In 2019, the Mexican government announced it would revise its tax legislation on several consumer products, including a caffeine tax on energy drinks. As part of the Impuesto Especial de Productos y Servicios (IEPS) originally established in 2011, an energy drink was defined as a beverage containing 20 milligrams of caffeine per 100 milliliters or more. Such a product was taxed at 25%. Subsequently, many energy drink producers chose to reformulate their products to contain less than the 20 mg threshold. As a result, many brands were not subject to this tax which resulted in less tax collected by the government. Now, the Mexican government intends to expand its definition to include all beverages that "contain a mix of caffeine and taurine or [other ingredients] that produce similar stimulating effects."

Source: SHCP *Data projected for full year 2019 with data ending in May

Because sales of energy drinks are motivated by low prices, this revised law stands to significantly impact the category's performance in the coming year. We’re using Euromonitor's Soft Drinks Forecast Model to quantify the potential impact of the proposed legislation.

The Model

According to the model, price is a negative driver in volume sales of energy drinks. This means that as price increases, we expect volume sales to decline. As an exercise, if we look at the isolated impact of product price on volume growth, every percentage point increase in energy drink price results in a decline in volume sales of 0.37%. With the implementation of a 25% increase in product price due to the tax, we would expect that the category's volume sales would decline by roughly 9.25% from its expected average yearly growth (CAGR) of 21% to a growth of about 11%.

Soft Drivers

However, price is obviously not the only consideration in this scenario. Consumer habits are resilient and ‘habit persistence’ will remain the largest contributor to growth in volume sales after this period, which will likely keep the category growing despite the negative overall impact of higher product prices. This is due to the perceived functionality of these beverages for many daily consumers in Mexico.

Other consumer-led ‘soft drivers’ could also impact category performance. The expansion of an energy drinks tax could increase public scrutiny of these products, with the media amplifying concerns about caffeine intake. Changing consumer attitudes to caffeine reduction (like sugar reduction) may have a compounding effect, further reducing sales as consumers begin to migrate to alternative forms of energy.

Source: Euromonitor International

Although we expect the growth rate to decline as a result of the tax, the Mexican energy drinks category is likely to continue to grow, albeit at a substantially reduced rate. This may seem like an anomaly, since the elasticity of product price for energy drinks is higher than most other soft drinks categories.

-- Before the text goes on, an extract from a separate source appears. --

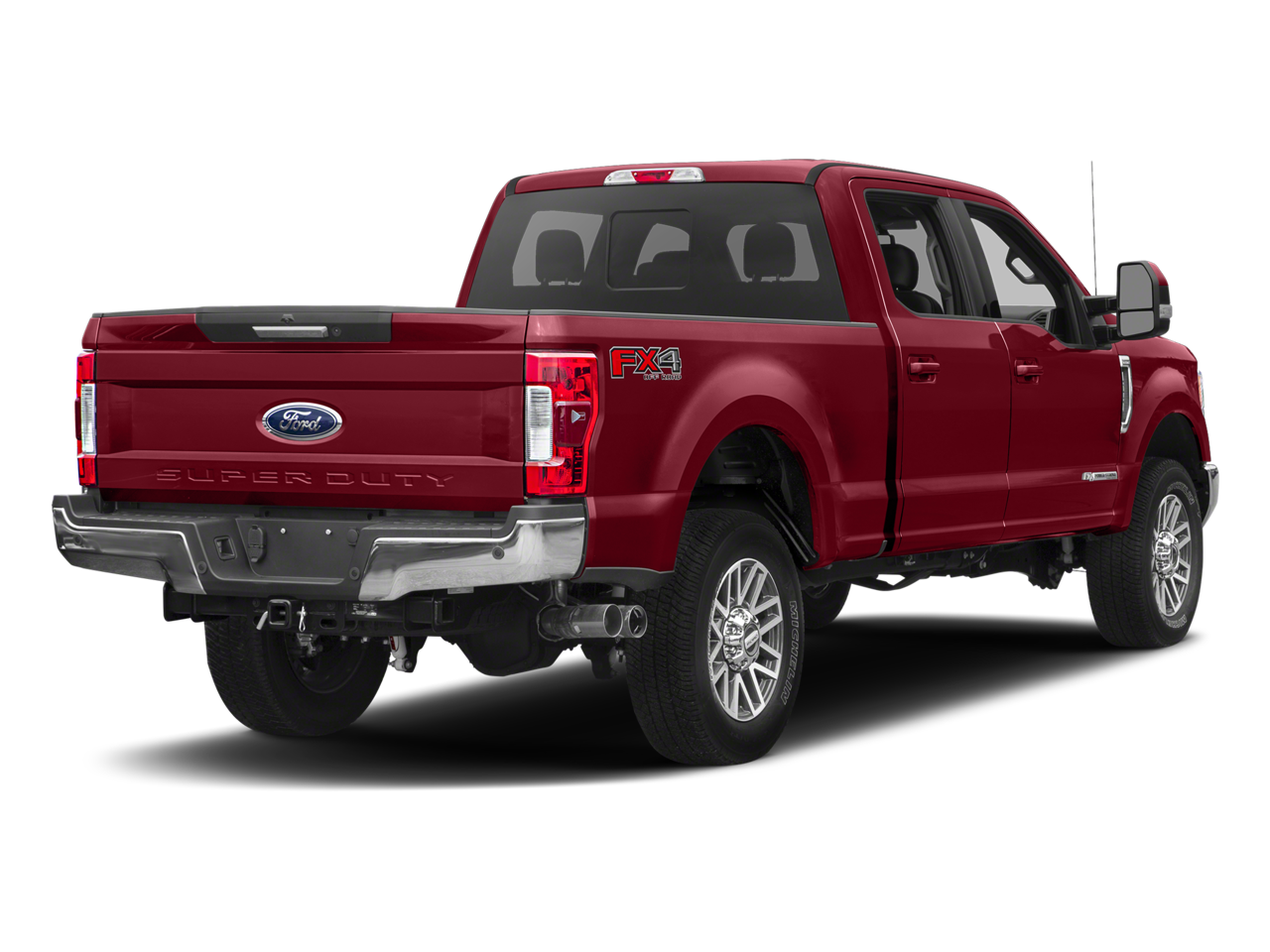 2017 Ford F-250 Super Duty Lariat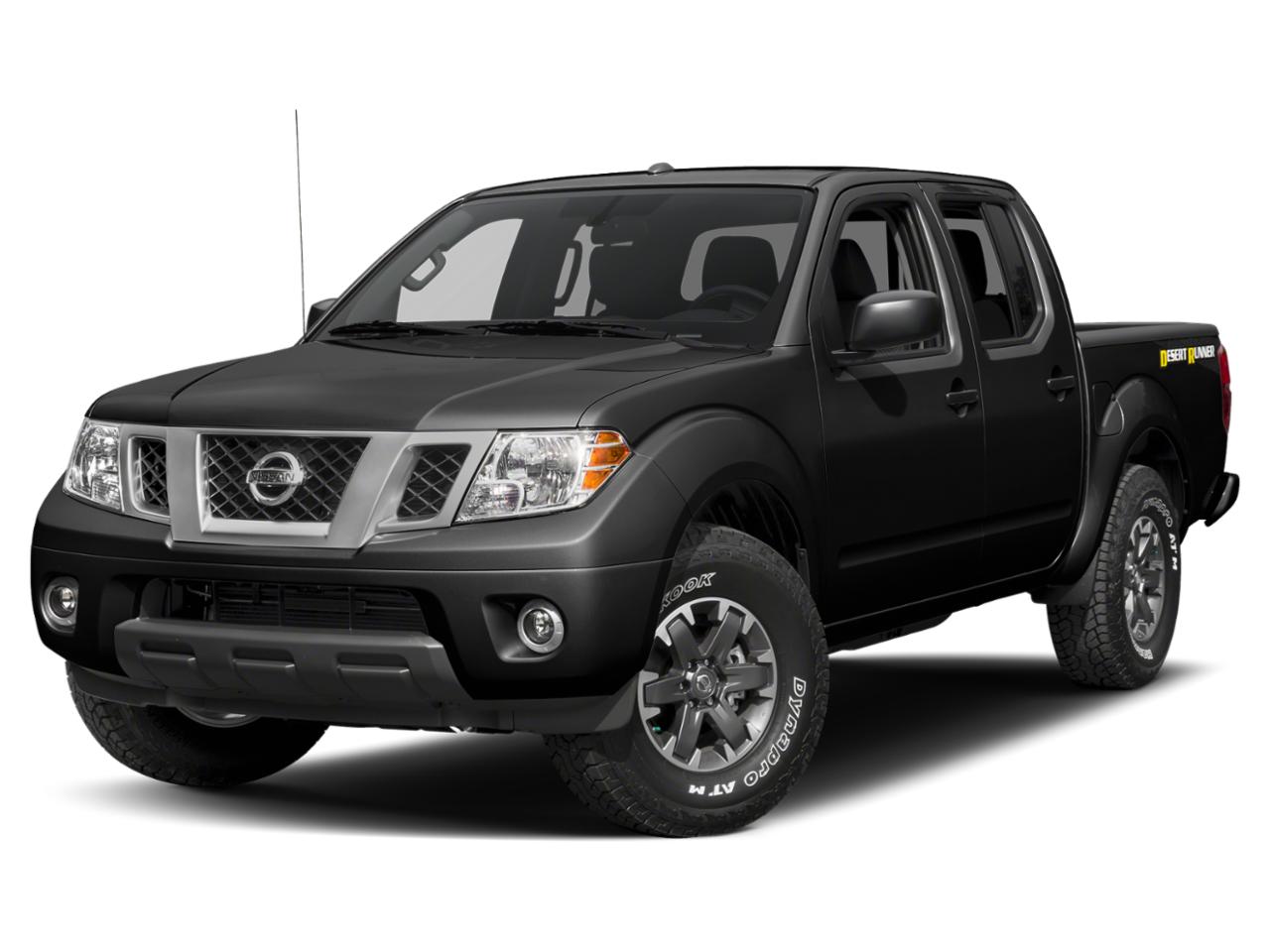 2015 Nissan Frontier Vehicle Photo in WACO, TX 76710-2592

However, given the historic double-digit growth and highly dynamic nature of the Mexican energy drink market, the category is likely to enjoy continued annual growth due to the functionality of the product, which has successfully penetrated daily beverage consumption for consumers engaged in high-stress or unconventional working environments. Energy drinks are expected to continue their positive trajectory in the region’s largest energy drinks market.